Make something awful
Perhaps the greatest killer of creativity is trying to make something great. You set your standards too high and then you find yourself paralyzed. You can’t even begin because you feel like you’ll never be ready to tackle this great task you’ve envisioned. If you never start, you’ll never make anything good. The solution is to deliberately try to make something awful, or at least give yourself permission to. First drafts are always terrible and rough sketches look nothing like the finished painting. Unfortunately, almost everyone who sets out to create is inspired by finished products and not by rough drafts. If you want your first draft to read like Anna Karenina, you will be disappointed and you may not even get started. If you really want to get inspired, read something terrible. It will lower your expectations and let you get to work. This is also a good strategy for creative problem solving. When people look for good solutions to a problem, they typically just think of things that have worked before. However, if the things that worked before worked now, you wouldn’t have to look for creative solutions. The problem is that you will keep looking in the direction of old solutions and keep falling into the same rut. The way out of this trap is to come up with the worst solution imaginable, then look for it’s promising features that can take your thinking in a new direction.
Try something new
Although many people imagine creativity is a spontaneous overflow or a kind of magic that makes something out of nothing, it is really just a recombination of existing ideas and experiences. You throw a lot of material into the hopper and something new comes out. However, if you keep using the same inputs, you’ll keep getting the same outputs. The solution is to find new inputs. It doesn’t have to be a major change. Try taking a different route to work or buying groceries at a different store. Read a book on a subject you know nothing about. Travel, if you can, especially to a country where you don’t speak the language. Being in new places and having to adapt to new ways of doing things fires up new parts of your brain. Take a class or learn a new skill. Make finding new experiences a regular part of your life and your creativity will never run out.
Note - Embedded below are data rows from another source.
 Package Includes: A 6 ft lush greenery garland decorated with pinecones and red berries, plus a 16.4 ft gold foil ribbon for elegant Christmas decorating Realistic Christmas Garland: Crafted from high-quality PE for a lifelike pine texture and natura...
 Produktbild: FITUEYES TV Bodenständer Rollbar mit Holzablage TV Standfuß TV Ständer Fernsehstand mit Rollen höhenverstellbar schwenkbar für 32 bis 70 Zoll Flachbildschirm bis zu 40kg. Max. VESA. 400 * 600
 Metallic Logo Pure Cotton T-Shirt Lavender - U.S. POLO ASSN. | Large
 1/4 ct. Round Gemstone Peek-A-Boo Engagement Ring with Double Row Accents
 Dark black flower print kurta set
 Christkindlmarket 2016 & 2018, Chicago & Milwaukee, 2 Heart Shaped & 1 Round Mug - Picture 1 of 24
Another pernicious myth of creativity is that creative work is the product of a lone genius. In reality, collaboration among diverse people produces more creative results. Everyone can bring a different perspective to the work. While most people with some degree of imagination can see things from a different perspective, actually working with someone else brings a whole lifetime of knowledge and experience to bear on a project. There will certainly be disagreements. Often collaboration is uncomfortable, and even turbulent but arguing over ideas and finding compromise solutions often produces better results in the end.
Make a lot of work
Studies have found that the most creative artists, writers, and musicians all have one thing in common: They make a lot of work. Picasso painted thousands of paintings, which is why you can find one in nearly every museum you visit. Bach wrote thousands of compositions. Graham Greene wrote dozens of novels, 300 words at a time. There are two major advantages to this approach. First, to produce a lot, you have to work every day. That means you get into a routine and you get a lot of practice. You become less constrained by the technical details of your craft. Second, you begin to iterate. Very few great artists start out trying to do something original. Mostly, they just copy the artists they like. As they do more and more work, their style evolves in different ways. It’s an iterative process and they could not have imagined their late work at the start of their careers.